Ent Center lacks incorporation of student productions

28 August 2018

Israel Wheatley

iwheatle@uccs.edu

Student, faculty and staff alike had high hopes for the new UCCS  multi-purpose arts center, the Ent Center for the Arts. However, its prioritization of professional production leaves many with a bad taste for the massive project.

    Finding a balance between professional and academia is imperative to a university’s success. Yet, in the case of UCCS, sometimes academic achievement seems lesser than financial prowess, leaving our academic strength underappreciated.

    The venue is used regularly by all sectors in the UCCS Visual and Performing Arts (VAPA) department, such as Film Studies, Dance, Music and Theatre. The venue, however, is best-known around the UCCS student community as being primarily for professional performances.

    Two of its three main theaters, the Shockley-Zalabak and Dusty Loo Bon Vivant theaters, are strictly professional and do not truly allow student productions.

    The Osborne Theater is, however, specifically for student productions.

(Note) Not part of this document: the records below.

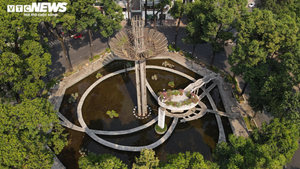 Cải tạo khu vực Hồ Con Rùa ở TP.HCM tốn khoảng 50 tỷ đồng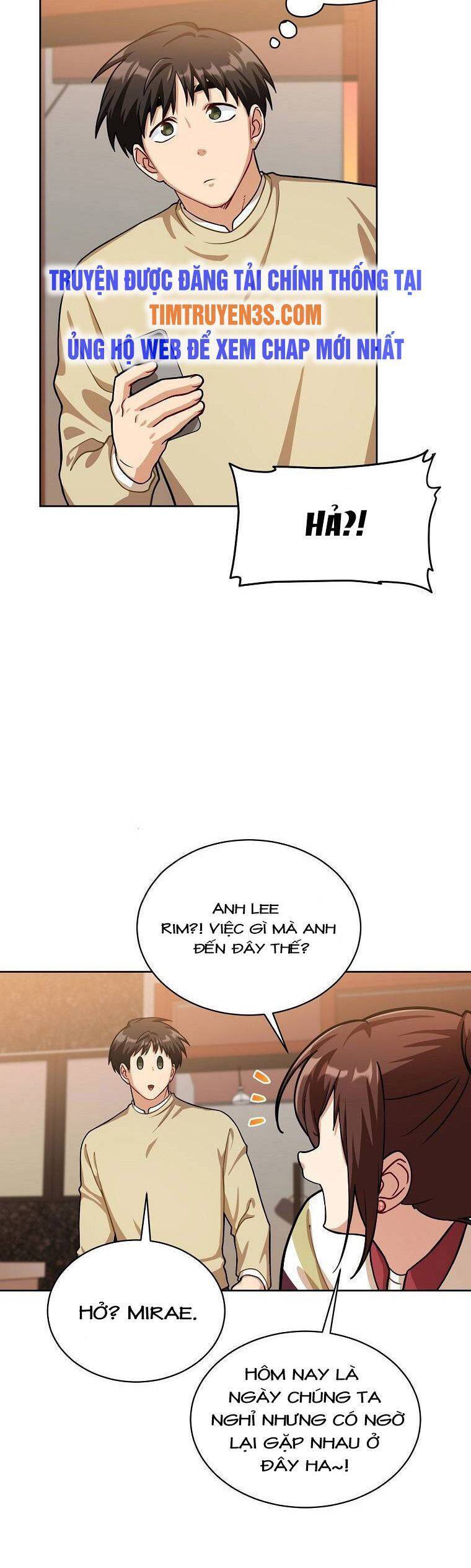 Xin Mời Dùng Bữa - Chapter 60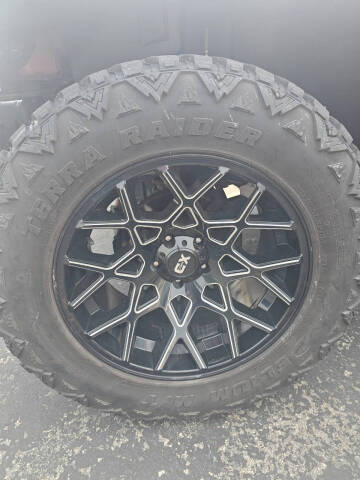 2010 Jeep Wrangler Unlimited Sahara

    As a university, the main objective should be to encourage academic and professional growth for its students. The Ent Center seems to ignore this by focusing on professional art, such as the upcoming production, “A Raisin in the Sun” in September, produced through Theatreworks, a professional company affiliated with UCCS.

    Of course, a university should always play an active role in both its local and national community; UCCS accomplishes this by hosting professional artists. However, it should be more important to promote our own students than advertise our financial prowess.

    Showcasing student productions whether through theatre, film, dance or music does not just prove student talent. Such productions are a result of student-faculty collaboration and are evidence of the academic capability UCCS embodies as a whole, not of our financial ability. Focusing more on student projects is beneficial to both students and faculty alike, which is to the university’s value.

    On the other hand, the Ent Center has given other departments, such as Film Studies, a home for its projects, an example being the annual UCCS Student Short Film Festival.

    UCCS Film Studies, led by Professor Robert von Dassanowsky, has long prided itself in its national and worldwide recognition, with many of its graduates advancing their careers, or attending renowned graduate programs in film.

    Such pride in UCCS students and their close relationship with the faculty lead to both scholarly and community recognition, all without third-party advertisement. Our students deserve this recognition for their accomplishments without being overshadowed by outside competitors.

     What exactly does UCCS hold pride in most? I would argue that students and faculty are the apple of our school’s eye, but sometimes the administration slips up and places academics second to funds.

    The Ent Center is a slip-up: the concept is attractive, but the execution is disappointing.

    UCCS strongly comprises passion on the part of both students and faculty.

    The university prioritizes funds rather than students’ creative expression by favoring third-party, and not advertising student productions to the community.